A 16-year-old male patient with known Becker's muscular dystrophy (BMD), with deletion of exon 48–49, was noted to have recent deterioration in already limited functional capacity. The transthoracic echocardiogram revealed moderately impaired left ventricular systolic function, with ejection fraction of 44% (Figure 1A), and preserved relaxation (Figure 1B). A cardiovascular magnetic resonance (CMR) study was performed and confirmed high-normal indexed left ventricular volumes with moderately reduced global ejection fraction (48%). No active inflammation was seen. Late gadolinium-enhanced images showed typical subepicardial fibrosis of the lateral and inferior wall from base to mid-ventricular level (Figure 1C and D).
(A) Transthoracic echocardiogram in parasternal view depicting a dilated left ventricle with moderately reduced ejection fraction. (B) Tissue Doppler imaging of lateral mitral inflow velocities, with an E/e′ ratio of 5.3, suggestive of normal filling pressures. (C and D) Cardiovascular magnetic resonance images with late gadolinium enhancement showing typical subepicardial inferolateral fibrosis (white arrows), also involving the mid-septum (dashed arrow), consistent with Becker's cardiomyopathy.

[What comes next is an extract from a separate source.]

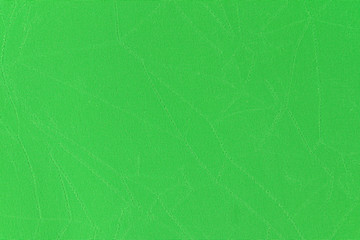 Green background. Green Synthetic fabric texture, background. Green fabric.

BMD is an X-linked inherited progressive myopathic disorder caused by mutations in the dystrophin gene; the dystrophin protein plays an essential role in signal pathways and stabilization of the cardiomyocyte cell membrane. It is characterized by proximal skeletal muscle weakness and wasting. Cardiac muscle can be affected, with degeneration of fibers, replacement fibrosis and fatty infiltration. The pathophysiology is not entirely understood; it is postulated that diffuse myocardial metabolic abnormalities lead to fibrosis, starting, as in this patient, in the subepicardium of the inferolateral wall, due to greater mechanical stress in this region. Progressive cardiomyopathy, often subclinical in the early stages, is a major cause of morbidity and mortality. Advanced echocardiographic assessment of diastolic function and tissue characterization by CMR enable early detection of cardiac involvement and timely initiation of heart failure treatment to prevent ventricular remodeling.